Winter storm next week could dump heavy precipitation, with increased chances for higher Red River flood
Forecasters are watching a developing system that could deliver heavy precipitation to the Red River Valley, where snow continues to pile up and the thaw has yet to begin in earnest.
FARGO — The potential for a winter storm that could hit the Fargo-Moorhead area next week means that the probability of the Red River reaching higher levels in the spring flood likely would increase.
That’s the message from the National Weather Service, which issued its latest update on the looming spring flood on Thursday, March 30.
Forecasters are watching a developing system that could deliver heavy precipitation to the Red River Valley, where snow continues to pile up and the thaw has yet to begin in earnest as cold temperatures linger.
“It has that potential,” said Mindy Beerends, the meteorologist in charge at the weather service in Grand Forks. “We are anticipating the potential for heavy precipitation with that storm system,” which could hit Fargo-Moorhead on Tuesday and Wednesday.
The range of probabilities for various flood stages the weather service issued on March 23 has not changed, but the possibility of seeing higher levels will increase if heavy precipitation falls, Beerends said.
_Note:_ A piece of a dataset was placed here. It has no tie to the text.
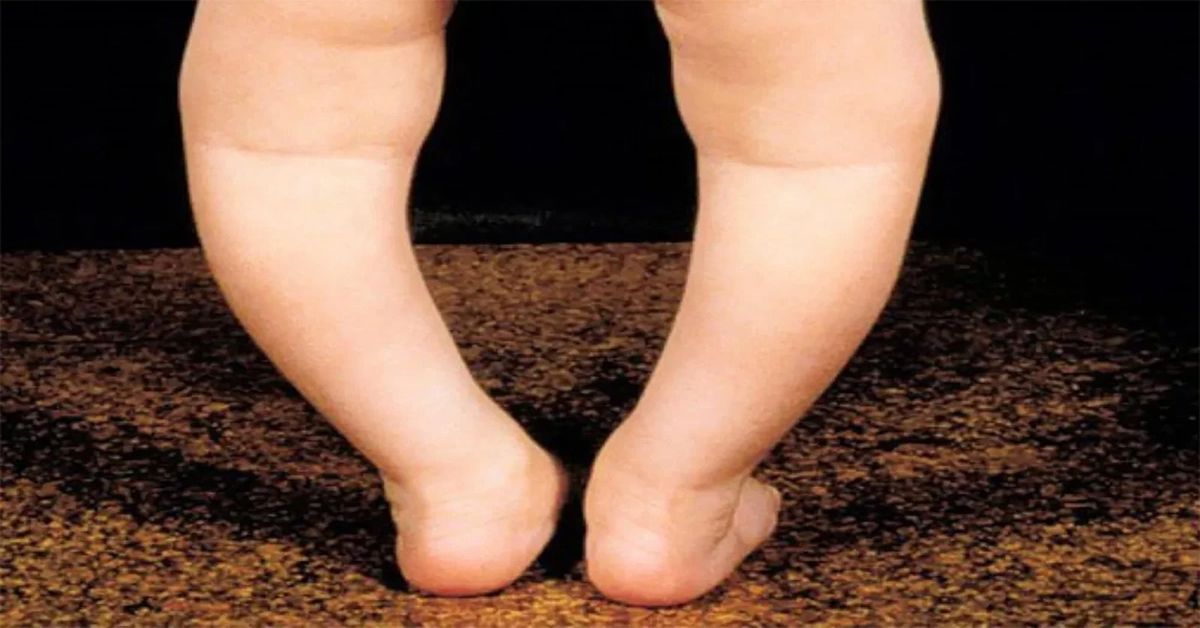 Blount's Disease Blount's Disease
At the low probability end of the range — which also corresponds to the highest flood levels — the Red River at Fargo has a 5% chance of cresting at 38.6 feet, and a 10% chance of 37.8 feet and a 50% chance of 34.2 feet.
The latest probabilistic spring outlook, still valid, indicates that a major flood, which begins at 30 feet in Fargo, is highly likely, with a 90% chance of reaching 30.7 feet.
Minor flooding begins at 18 feet. The record 2009 flood crested at 40.84 feet.
Fargo is much better protected than it was during the 2009 flood, which required millions of sandbags. Fargo and Moorhead are well along in providing permanent protections that would allow a 37-foot river without the need for any temporary protections.
Most areas of the cities have floodwalls or levees with protection well above that 37-foot level, which should be the highest river levels during extreme floods once the metro area's flood protection project starts operating in 2027.
Also, many properties in low-lying, flood-prone areas have been removed and no longer have to be protected.
Beerends said Thursday that as a result of the increased chances for higher flood levels, property owners and officials should plan accordingly as they prepare for the spring flood.
The risk for significant spring flooding — moderate or higher — remains across the area, with chances remaining generally above long-term historical averages for most of the Red River Basin, according to the weather service.
The temperature outlook over the next 14 days remains well below normal with only a few hours above freezing expected at most on any afternoon, with Sunday being the warmest day of the period.
Following the possible winter storm next week, temperatures will fall, further delaying the thaw.
Based on these below-normal temperatures, any snow melt and resulting river rises aren’t expected to begin until April 10 or later.
“We’re a little in unknown territory now,” Beerends said, noting that it's unusual to be almost April with very little melting of the snow pack.
To be prepared, people should watch for updates of the developing conditions that will affect the spring flood that the weather service will issue every Thursday. Once water begins to move in rivers and streams, the weather service will issue seven-day flood predictions.